▶ _TO DO_:
Word for word, please restate the line containing "Mesh Shirring Sleeve Tops" and all the lines that follow it to the end of the data.

▶ _DATASET RECORDS_:

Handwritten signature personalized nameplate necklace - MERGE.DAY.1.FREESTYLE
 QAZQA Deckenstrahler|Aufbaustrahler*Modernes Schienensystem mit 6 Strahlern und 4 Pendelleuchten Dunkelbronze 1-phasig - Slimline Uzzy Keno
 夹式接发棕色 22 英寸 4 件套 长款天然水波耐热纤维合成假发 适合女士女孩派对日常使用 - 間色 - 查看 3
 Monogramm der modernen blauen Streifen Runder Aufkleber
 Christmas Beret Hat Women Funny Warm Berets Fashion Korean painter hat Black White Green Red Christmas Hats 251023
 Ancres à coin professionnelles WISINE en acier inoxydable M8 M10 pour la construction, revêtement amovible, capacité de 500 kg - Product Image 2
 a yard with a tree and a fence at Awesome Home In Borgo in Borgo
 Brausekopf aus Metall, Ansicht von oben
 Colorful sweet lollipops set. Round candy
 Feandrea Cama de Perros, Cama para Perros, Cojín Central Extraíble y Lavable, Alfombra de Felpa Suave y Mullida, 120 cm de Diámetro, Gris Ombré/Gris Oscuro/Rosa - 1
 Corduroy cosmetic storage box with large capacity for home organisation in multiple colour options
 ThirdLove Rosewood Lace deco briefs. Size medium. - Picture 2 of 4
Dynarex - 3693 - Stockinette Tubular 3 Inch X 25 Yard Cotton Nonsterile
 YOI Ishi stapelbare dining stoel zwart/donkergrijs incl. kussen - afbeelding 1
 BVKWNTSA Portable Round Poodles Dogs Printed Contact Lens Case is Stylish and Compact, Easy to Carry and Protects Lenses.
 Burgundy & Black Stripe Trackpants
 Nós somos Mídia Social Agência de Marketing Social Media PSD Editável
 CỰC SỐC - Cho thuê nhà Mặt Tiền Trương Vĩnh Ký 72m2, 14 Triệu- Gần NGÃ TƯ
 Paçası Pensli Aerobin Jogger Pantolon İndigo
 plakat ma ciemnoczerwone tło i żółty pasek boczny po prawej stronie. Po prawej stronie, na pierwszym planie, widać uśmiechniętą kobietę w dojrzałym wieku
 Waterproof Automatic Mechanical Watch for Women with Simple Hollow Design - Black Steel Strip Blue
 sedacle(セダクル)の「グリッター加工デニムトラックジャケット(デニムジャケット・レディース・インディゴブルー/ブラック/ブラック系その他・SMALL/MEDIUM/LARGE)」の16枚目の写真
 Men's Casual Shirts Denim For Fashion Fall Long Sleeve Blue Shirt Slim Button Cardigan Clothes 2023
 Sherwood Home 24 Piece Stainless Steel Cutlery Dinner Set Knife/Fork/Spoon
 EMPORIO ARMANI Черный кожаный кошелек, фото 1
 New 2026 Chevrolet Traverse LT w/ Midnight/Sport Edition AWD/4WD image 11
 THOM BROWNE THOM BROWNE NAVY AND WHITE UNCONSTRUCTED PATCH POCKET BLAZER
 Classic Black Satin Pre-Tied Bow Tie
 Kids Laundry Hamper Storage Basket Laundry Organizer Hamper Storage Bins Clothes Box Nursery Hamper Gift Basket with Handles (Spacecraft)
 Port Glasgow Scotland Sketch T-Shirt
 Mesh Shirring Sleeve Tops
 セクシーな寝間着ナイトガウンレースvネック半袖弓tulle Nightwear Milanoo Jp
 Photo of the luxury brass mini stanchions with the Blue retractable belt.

▶ _COMPLETED EXERCISE_:
 Mesh Shirring Sleeve Tops
 セクシーな寝間着ナイトガウンレースvネック半袖弓tulle Nightwear Milanoo Jp
 Photo of the luxury brass mini stanchions with the Blue retractable belt.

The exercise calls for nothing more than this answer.